== Exercise goal ==
Copy out the listing that follows, exactly, without its pictures.
#### Information shown ####
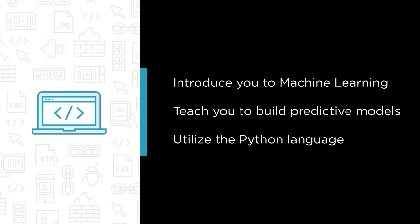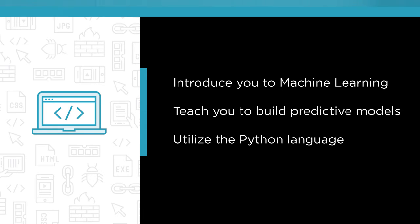Throughout this course, we will utilize Python and a number of its libraries to make creating machine learning solutions easy. However, you do not need prior experience with Python. In this course, we learn by doing and the code we will use will be explained as we create our solution.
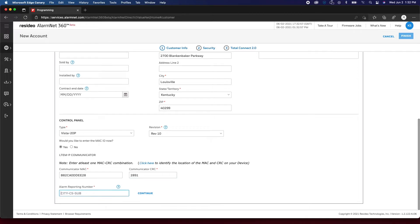Lastly, enter the City, CS, and account number that the communicator will be linked to. Click Continue.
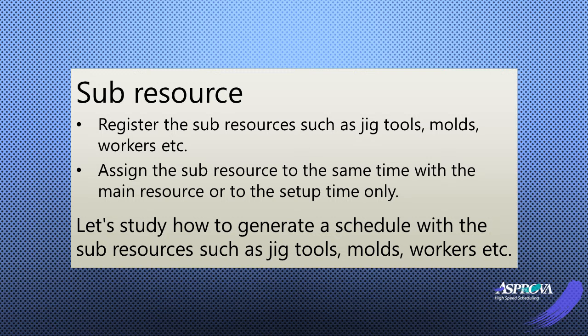Let's study how to generate a schedule with the sub-resources such as jig tools, molds, workers, etc.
####
== Response area ==
Throughout this course, we will utilize Python and a number of its libraries to make creating machine learning solutions easy. However, you do not need prior experience with Python. In this course, we learn by doing and the code we will use will be explained as we create our solution.
Lastly, enter the City, CS, and account number that the communicator will be linked to. Click Continue.
Let's study how to generate a schedule with the sub-resources such as jig tools, molds, workers, etc.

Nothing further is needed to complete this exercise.